I have two questions: 1) Does the fact that there is English hard-coded in the (pre-processing) code mean that the solution won't support other languages out-of-the-box (i.e., without re-writing the pre-processing part)? I have pre-processed the data externally using my own tools. So ... all that I would expect to be done internally, would be splitting tokens on spaces. 2) What is the part that slows everything down so much and do you have an idea of whether it is reasonable to remove the part that is so slow?

cbaziotis commented 6 years ago

Hi @pmarcis, Can you please check if there is a token with an unusual large length in your dataset? In the past I have encountered a similar problem, where there was a token in my dataset consisting of 150+ characters. I assume that this issue has to do with ekphrasis (regex pattern matching).

Since you use your own preprocessing pipeline, you can just override my own and feed the data to the model yourself.

pmarcis commented 6 years ago

Hi!

I am working on a tweet dataset. The dataset contained one token of 90 symbols. Apart from that everything else looks normal. I stopped the process after 3 days. It finished processing the 30K entry dataset, but got stuck on the evaluation set (for a bit less than 2 days), which did not have any abnormally long tokens.

I looked at the ekphrasis code and changed the segment function to (was this enough to skip the pre-processing?):

def segment(self, word):
        if word.islower():
            #return " ".join(self.find_segment(word)[1])
            return word
        else:
            return word

This seems to have fixed the data preprocessing speed issue. However, I am getting rather low precision scores out of the classifier - ~30-40% (in comparison - the lstm implementation from mxnet-sentiment-analysis without word embeddings achieves precision of 46%, a perceptron classifier shows to be even better at 59% without using positive/negative word lists). I am wondering whether I am doing something wrong? Am I right to assume that tweet IDs are not used?

gjmulder commented 6 years ago

Similar to @pmarcis, I am finding the pre-processing to be very slow when running ./models/nn_task_message.py on the competition training set in FINAL mode. It has been running for 15 hours on a 3.5GHz CPU, but seems to be stuck at 24% (10576/44613) for the last 12+ hours. Is this normal?

Update - 24 hours of pre-processing and it has logged 44% (19509/44613). So a rough estimate is pre-processing takes 4 secs per tweet. I'm going to need a lot of CPU for my 1M+ tweets!

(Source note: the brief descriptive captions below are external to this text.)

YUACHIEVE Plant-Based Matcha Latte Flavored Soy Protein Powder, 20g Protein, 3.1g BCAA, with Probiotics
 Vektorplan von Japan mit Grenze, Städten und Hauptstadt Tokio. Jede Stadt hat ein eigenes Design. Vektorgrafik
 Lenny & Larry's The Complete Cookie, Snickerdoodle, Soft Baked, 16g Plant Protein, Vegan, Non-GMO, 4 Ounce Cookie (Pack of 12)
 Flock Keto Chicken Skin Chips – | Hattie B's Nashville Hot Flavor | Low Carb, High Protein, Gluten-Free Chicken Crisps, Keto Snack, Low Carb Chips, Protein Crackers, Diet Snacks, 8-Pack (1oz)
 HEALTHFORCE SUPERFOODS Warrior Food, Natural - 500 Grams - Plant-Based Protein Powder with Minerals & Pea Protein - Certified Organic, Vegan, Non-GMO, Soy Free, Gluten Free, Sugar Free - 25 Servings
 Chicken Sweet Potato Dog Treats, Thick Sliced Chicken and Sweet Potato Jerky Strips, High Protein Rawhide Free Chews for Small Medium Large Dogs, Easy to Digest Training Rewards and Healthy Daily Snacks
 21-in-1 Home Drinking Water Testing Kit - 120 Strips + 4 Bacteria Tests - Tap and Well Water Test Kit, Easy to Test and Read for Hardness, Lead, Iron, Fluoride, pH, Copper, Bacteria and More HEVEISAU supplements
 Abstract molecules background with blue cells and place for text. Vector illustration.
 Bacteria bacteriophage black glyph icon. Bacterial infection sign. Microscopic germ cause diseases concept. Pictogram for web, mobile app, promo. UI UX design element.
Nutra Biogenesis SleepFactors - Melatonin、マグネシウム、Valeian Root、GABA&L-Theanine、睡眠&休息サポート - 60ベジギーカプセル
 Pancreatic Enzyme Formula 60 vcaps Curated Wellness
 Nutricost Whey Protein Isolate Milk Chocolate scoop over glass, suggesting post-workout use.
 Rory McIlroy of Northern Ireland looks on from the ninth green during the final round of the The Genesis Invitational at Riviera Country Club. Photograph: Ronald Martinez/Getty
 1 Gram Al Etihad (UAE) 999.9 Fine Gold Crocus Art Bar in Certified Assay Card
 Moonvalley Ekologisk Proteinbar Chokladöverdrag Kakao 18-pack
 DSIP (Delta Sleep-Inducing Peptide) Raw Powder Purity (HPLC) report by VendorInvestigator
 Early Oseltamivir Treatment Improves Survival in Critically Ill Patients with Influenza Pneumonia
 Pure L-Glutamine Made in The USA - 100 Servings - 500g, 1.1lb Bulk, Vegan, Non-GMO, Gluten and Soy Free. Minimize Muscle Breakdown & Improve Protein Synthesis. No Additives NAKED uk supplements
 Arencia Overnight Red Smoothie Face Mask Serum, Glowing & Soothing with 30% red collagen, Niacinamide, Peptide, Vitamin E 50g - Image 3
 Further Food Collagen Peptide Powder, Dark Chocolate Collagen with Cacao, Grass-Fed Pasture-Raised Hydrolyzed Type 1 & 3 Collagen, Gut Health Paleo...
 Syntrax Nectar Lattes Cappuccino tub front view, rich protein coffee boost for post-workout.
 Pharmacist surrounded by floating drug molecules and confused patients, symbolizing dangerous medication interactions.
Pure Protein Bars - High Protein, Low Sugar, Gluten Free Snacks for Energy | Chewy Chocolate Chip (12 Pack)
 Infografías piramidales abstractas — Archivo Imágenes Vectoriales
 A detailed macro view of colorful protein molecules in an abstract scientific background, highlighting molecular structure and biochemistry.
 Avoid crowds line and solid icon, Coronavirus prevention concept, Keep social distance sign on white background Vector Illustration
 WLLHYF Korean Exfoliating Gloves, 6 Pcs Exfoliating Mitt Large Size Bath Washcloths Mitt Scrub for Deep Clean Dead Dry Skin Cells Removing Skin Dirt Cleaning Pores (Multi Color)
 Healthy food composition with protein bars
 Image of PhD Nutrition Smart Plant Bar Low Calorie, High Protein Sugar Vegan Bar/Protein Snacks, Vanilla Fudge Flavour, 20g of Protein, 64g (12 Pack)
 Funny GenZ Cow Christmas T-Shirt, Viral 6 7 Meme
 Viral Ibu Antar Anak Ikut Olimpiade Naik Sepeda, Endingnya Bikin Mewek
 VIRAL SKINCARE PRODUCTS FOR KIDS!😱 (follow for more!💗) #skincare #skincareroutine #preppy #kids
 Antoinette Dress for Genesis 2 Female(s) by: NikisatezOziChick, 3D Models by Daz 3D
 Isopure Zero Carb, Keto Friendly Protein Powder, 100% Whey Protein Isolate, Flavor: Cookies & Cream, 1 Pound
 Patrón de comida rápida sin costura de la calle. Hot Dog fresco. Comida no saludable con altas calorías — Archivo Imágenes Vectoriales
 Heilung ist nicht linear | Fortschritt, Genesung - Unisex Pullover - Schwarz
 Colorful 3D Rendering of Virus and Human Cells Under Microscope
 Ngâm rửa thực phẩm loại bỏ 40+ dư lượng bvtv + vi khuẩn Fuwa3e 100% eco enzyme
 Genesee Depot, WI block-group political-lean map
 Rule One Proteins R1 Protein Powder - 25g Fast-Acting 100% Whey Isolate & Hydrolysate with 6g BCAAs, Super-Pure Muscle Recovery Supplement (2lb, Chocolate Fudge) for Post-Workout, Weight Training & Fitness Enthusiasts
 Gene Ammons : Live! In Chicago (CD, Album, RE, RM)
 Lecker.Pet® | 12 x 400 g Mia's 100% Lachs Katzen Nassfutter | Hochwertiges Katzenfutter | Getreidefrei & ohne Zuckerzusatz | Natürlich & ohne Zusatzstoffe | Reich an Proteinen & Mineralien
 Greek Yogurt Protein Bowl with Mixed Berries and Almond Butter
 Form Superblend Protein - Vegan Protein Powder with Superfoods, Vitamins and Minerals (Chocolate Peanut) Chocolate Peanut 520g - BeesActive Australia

gjmulder commented 6 years ago

After profiling ./models/nn_task_message.py I determined that the @lru_cache directives in ekphrasis ./classes/segmenter.py are very small. I upped them both to 262144 in size. The pre-processing now takes less than a minute (as compared to days) and the memory footprint looks to be around 1.1GB.

davidalbertonogueira commented 6 years ago

True, I also had problems here. Pre-processing took more than 6 hours to reach 80%, and then it stuck there for more than 10 hours till I killed the process.

Had around 15'000x speedup (takes few seconds) in the processing speed once I increased lru_caches from 4096 to 8192 and 10000, as well as uncommented some lru_caches that were disabled in the pip-installed ekphraris module.

I would seriously recommend changing this repo to include a modified ekphraris here, if @cbaziotis don't want to have the caches turned on in the ekphraris repo.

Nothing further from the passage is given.